[Image courtesy of nationalgeographic]
I spend a lot of time on this blog discussing election changes – legislation, court orders, innovations, personnel coming and goings and the like – and as I do I am convinced more than ever that the American system of elections is in constant flux.
However, for the vast majority of people – and especially voters – that flux is invisible, lost beneath far more immediate and important details like families, jobs and all the other realities of daily life. Consequently, every election cycle (especially Presidential elections) sees thousands if not millions of voters trying to re-apply what they remember from the last time they cast a ballot to the current election process.
Fairfax County, VA General Registrar Cameron Quinn has a great term for these voters, courtesy of an interview she did recently in the Washington Times:
She used the term “cicada voters” to describe people who may not have voted in four years — even sometimes more than a decade — but will pop up sometimes during presidential years.
“In a normal November election, we get somewhere between 30 [percent] and 45 percent of voters.
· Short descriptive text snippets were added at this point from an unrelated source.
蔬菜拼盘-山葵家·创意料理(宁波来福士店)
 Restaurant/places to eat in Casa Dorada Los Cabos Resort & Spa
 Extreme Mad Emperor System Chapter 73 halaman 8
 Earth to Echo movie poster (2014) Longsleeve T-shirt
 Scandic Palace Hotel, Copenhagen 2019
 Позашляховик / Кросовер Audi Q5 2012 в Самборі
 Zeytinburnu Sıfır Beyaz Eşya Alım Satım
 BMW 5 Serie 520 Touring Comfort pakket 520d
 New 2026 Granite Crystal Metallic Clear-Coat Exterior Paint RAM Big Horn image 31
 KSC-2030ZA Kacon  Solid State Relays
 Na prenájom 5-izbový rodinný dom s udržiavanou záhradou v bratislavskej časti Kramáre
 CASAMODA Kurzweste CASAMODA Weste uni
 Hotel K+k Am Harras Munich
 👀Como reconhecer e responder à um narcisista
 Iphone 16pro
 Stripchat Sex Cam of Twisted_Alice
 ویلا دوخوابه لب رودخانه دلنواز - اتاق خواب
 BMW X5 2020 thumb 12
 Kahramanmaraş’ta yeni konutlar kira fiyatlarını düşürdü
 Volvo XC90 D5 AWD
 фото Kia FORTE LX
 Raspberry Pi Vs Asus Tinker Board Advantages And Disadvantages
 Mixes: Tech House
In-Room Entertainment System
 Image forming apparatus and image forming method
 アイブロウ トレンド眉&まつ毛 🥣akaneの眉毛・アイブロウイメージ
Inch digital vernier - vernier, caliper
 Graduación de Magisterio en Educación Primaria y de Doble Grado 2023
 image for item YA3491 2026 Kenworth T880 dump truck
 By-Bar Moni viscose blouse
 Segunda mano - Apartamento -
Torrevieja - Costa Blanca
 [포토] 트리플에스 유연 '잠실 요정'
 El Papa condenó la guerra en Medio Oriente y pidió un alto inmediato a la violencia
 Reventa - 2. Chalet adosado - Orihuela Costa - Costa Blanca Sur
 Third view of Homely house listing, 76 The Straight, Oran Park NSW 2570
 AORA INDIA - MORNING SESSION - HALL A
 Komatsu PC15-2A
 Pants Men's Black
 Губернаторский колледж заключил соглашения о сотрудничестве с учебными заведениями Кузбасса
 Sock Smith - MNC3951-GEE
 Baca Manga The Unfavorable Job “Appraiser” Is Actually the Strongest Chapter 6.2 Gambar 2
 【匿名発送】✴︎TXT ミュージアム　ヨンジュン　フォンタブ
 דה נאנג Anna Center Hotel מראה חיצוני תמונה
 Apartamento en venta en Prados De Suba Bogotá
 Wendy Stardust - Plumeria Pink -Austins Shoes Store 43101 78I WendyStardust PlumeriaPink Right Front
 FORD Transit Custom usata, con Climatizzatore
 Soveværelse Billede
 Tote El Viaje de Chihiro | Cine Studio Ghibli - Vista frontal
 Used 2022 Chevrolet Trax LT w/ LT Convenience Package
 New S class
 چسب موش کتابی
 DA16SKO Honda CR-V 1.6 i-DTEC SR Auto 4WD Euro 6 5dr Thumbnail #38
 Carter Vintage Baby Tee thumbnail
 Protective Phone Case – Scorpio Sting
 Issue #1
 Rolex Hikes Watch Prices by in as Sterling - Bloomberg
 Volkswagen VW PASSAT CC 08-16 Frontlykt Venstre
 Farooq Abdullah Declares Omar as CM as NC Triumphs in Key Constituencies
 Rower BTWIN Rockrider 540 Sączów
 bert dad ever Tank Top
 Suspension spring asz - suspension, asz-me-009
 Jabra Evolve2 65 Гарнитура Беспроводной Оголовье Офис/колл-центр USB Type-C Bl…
Four years ago, Fairfax turnout was almost 79 percent,” she said. “You can intellectually understand that it’s at least two times as hard as other elections. It’s more like a five-time spike due to the unfamiliar voters who require more assistance.” (emphasis added)
This is a really, REALLY important phenomenon to keep in mind – while there is a cohort of habitual voters (who tend to skew older) who vote frequently enough that there are few surprises, a significant remainder of the electorate is made up of otherwise smart, capable people who haven’t memorized or kept up with changes in the election process while they were busy living their lives.
That’s why it’s important that we treat every voter as if they are new – giving them information about how, when and where to cast their ballots and ensuring that the materials they’re given are clear, well-designed and easy to understand.
And, if nothing else, we should be grateful that voters don’t wait seventeen years between appearances.